SMB, I hate to tell you this, but it's something that you need to be aware of.

You haven't hit angry yet. You will, just in time for the holidays. It's somewhere around 8-9 months after you ETS where you'll wake up one day and not know who you are, or what you're supposed to do with your life now that you aren't a service member. 

You need a support network. You need a battle buddy now more than ever.


----------



## gouge_away (Apr 7, 2015)

Dude,
Your life probably isn't worth living right now, I get that, but that doesn't mean you can't have a life worth living.

Life is the sum of our choices. You choose this, and its hell... Why would you think it would be better for you or your boy if you check out now?

Fvck that, start making better choices today, start respecting yourself so you are capable of respecting a woman.

It doesn't have to be pretty, just worth living.

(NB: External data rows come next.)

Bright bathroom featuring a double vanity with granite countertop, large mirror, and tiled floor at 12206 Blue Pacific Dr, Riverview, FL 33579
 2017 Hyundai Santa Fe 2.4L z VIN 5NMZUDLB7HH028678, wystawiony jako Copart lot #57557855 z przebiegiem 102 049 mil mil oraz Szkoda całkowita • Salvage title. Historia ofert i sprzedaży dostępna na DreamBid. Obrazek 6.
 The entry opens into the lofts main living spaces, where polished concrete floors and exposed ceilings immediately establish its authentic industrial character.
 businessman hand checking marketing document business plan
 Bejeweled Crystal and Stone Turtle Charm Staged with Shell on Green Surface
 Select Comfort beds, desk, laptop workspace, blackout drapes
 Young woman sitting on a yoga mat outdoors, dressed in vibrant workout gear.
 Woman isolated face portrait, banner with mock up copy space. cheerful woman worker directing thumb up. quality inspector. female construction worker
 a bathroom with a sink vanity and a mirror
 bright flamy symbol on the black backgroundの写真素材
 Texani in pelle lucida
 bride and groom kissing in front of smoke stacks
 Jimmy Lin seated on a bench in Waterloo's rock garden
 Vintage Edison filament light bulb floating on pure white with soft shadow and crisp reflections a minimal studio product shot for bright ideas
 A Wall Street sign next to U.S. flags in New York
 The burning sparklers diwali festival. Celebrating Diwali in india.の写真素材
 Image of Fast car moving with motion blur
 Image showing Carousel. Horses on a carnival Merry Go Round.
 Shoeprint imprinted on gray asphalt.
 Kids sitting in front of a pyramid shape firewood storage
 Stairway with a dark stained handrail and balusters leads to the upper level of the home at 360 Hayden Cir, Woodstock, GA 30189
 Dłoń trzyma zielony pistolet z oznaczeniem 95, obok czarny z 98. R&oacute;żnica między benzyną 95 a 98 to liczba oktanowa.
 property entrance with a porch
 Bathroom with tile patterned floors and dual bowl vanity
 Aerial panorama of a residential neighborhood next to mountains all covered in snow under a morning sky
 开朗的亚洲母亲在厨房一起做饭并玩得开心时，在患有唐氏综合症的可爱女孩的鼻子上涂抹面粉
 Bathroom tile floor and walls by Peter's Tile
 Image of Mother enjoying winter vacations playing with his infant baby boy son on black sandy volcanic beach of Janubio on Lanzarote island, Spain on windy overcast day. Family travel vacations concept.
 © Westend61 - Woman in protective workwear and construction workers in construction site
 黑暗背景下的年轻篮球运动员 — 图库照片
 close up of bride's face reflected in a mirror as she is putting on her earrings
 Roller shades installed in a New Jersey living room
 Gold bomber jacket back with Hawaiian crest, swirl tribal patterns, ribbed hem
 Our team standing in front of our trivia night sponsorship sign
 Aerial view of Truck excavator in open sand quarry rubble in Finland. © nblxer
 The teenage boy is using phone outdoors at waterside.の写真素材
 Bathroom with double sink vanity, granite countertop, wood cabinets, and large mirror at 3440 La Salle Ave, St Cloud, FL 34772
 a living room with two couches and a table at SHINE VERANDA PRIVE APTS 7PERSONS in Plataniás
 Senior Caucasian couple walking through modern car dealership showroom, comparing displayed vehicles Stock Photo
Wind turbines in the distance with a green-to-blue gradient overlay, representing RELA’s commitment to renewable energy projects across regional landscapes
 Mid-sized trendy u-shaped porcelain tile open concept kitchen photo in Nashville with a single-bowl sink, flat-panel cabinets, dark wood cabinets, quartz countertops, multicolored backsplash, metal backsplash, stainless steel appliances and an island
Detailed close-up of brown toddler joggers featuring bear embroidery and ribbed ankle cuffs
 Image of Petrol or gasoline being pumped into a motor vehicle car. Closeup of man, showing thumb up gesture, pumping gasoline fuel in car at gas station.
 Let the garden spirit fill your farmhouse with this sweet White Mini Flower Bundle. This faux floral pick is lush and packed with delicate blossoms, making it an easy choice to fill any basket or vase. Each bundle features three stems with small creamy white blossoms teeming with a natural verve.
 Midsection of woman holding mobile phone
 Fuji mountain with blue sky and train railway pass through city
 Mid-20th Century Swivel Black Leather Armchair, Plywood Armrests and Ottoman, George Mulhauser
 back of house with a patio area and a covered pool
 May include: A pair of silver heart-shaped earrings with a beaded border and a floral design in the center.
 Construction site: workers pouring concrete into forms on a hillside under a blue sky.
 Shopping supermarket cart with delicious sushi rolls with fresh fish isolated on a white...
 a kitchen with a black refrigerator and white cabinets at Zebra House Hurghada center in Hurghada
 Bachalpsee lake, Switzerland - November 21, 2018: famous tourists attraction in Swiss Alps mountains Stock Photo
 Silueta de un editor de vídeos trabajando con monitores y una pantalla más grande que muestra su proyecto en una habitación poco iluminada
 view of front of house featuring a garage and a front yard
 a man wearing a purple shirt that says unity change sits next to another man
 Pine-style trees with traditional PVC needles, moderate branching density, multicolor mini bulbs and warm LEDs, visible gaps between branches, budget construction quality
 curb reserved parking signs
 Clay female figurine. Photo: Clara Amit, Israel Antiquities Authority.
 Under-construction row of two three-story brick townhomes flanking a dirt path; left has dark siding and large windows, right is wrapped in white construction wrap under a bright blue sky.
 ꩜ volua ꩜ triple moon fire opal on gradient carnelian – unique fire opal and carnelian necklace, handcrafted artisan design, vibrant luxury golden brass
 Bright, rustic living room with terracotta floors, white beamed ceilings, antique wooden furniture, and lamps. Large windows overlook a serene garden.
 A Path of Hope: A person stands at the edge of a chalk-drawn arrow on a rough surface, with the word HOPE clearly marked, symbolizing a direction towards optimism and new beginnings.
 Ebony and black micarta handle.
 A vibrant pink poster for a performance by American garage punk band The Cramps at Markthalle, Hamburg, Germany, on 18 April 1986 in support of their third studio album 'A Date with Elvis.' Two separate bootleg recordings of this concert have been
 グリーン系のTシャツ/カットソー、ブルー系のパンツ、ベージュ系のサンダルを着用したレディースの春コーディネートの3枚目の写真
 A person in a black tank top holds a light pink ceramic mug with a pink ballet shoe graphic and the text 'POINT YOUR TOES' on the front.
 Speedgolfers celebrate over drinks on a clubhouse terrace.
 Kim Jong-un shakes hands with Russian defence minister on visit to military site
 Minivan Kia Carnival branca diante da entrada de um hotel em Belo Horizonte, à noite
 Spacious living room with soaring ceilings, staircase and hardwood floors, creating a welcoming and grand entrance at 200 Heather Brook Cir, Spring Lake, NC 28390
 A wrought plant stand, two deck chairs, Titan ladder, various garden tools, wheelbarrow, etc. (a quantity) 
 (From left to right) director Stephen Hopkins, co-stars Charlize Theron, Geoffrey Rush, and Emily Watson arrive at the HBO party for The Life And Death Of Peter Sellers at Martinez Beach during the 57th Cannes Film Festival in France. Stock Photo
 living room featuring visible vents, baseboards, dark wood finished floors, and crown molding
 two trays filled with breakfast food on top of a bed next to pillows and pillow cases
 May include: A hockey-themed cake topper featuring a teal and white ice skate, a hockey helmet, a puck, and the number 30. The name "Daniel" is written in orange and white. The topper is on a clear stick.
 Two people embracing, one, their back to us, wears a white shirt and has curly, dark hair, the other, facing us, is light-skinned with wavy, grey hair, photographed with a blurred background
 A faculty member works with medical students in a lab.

My son's mother left me, to see if things were better with another guy, I nearly ODd on barbiturates, 8 years later, new wife, is worse than my ex, but I'm glad I'm still alive.


----------



## Regretf (Oct 13, 2014)

Smb99, sorry you are going thru this.

Your W isnt' worth the suffering, yes you did screw up with your anger, understandable. Your son needs you forever in his life, you are his hero, he looks up to you, drop that suicide ****. Do you want other men to be your son's father figure in his life if you blow your brains out?. Women come and go but fathers do not.

vent all you want, we are here for each other., I'm going thru some hard times myself.


----------



## SamuraiJack (May 30, 2014)

Sorry you are going through this. I would say start a VA counseling process and definitely lean on any help you can get.

If she is going to come back to you, she needs to see a man who is working on himself. That will be the stringest catnip there is for her.

If there is one thing we know here , it's how to vent so please vent away.


----------



## Lone Shadow (Aug 5, 2014)

Hey SMB, check in with us. Let us know how you're doing. 

Also, my offer still stands. If you feel a need or want to talk to a real person, instead of a bunch of pixels on your computer, shoot me a PM and I'll give you my cell. I've made that offer to every Vet on this forum in the post my sig links to.


----------